A useful diversionary tack by Clinton, Obama and an enabling media has been to read the murders not as a reaction to the actual film but as another premeditated 9/11 attack. Again, whether true or not, this still serves the purpose of narrowing such actions to the work of isolated extremists, the mirror contrivance of America as a resilient, trusted force for peace and security. In stark reflection, across the region and beyond, the precise opposite image is the case.

Yet, America's 'benevolent' intentions and losses remain more worthy of note than any foreign other. Such is the ingrained culture of American exceptionalism. While correctly laying the principal blame for the embassy murders on those who did the actual killing, Glenn Greenwald states that:
"It is hard not to notice, and be disturbed by, the vastly different reactions whenever innocent Americans are killed, as opposed to when Americans are doing the killing of innocents. All the rage and denunciations of these murders in Benghazi are fully justified, but one wishes that even a fraction of that rage would be expressed when the US kills innocent men, women and children in the Muslim world, as it frequently does. Typically, though, those deaths are ignored, or at best justified with amoral bureaucratic phrases ("collateral damage") or self-justifying cliches ("war is hell"), which Americans have been trained to recite."
Like Greenwald, Craig Murray makes the same valid point that while the killing of ambassador Stevens has been met with US outrage and the promise of bringing those responsible to book, the daily killing of other, anonymous victims of US and Israeli state-directed violence across the Middle East, notably Palestine, merits no such response.
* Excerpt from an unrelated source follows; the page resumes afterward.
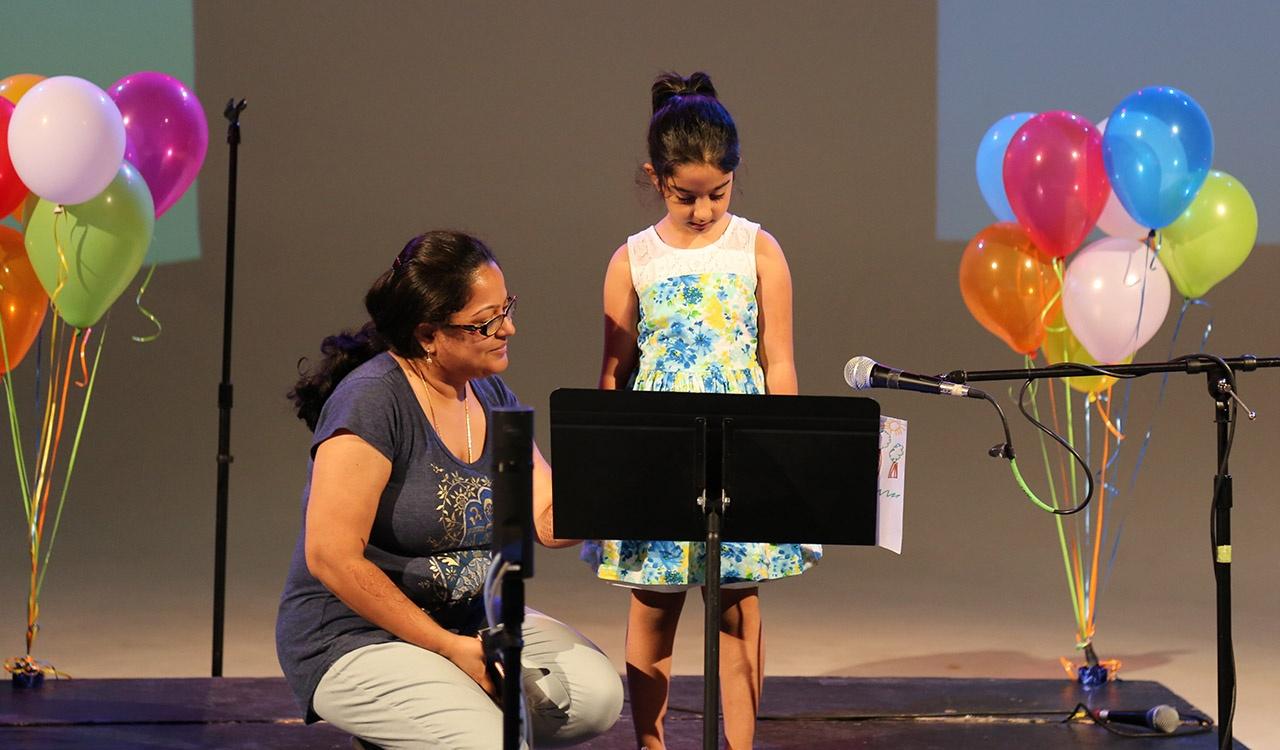 Contest Winner reads her story onstage with mom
And so the spectre of 'violence as solution' continues, unremittingly peddled by the US and its allies, an 'option' also still rationalised as a 'difficult necessity' by many errant liberals.

Nato's bombing of Libya has brought no respite from the killing and insecurity in that now increasingly volatile state. Beyond the publicity of this crass and offensive film, this is the real context of the embassy killings.

Might the lesson of such useless bloodshed now become more apparent in the case of Syria?

The UN's chief observer has just released a timely warning against US/Nato, Saudi and Turkish support for the Syrian rebels, insisting that the funding/arming of the Free Syrian Army and jihadist militias is only helping to intensify the violence, limiting any prospect of a diplomatic-led peace.

In a crucial blow to Netanyahu's lobbying for a US-assisted strike on Iran, a major Pentagon-sourced report by General Martin Dempsey, US chairman of the Joint Chiefs of Staff, also warns of the catastrophic implications of such actions.

Yet, even while such rational calculus and policy wariness prevail, crippling sanctions and economic war against Iran still proceeds, financial and political support for Israeli aggression continues, the arming of FSA and jihadi forces increases and other US/Nato violence-based destabilisation of the region deepens.

Depressingly, one can only expect more of the same backlash violence.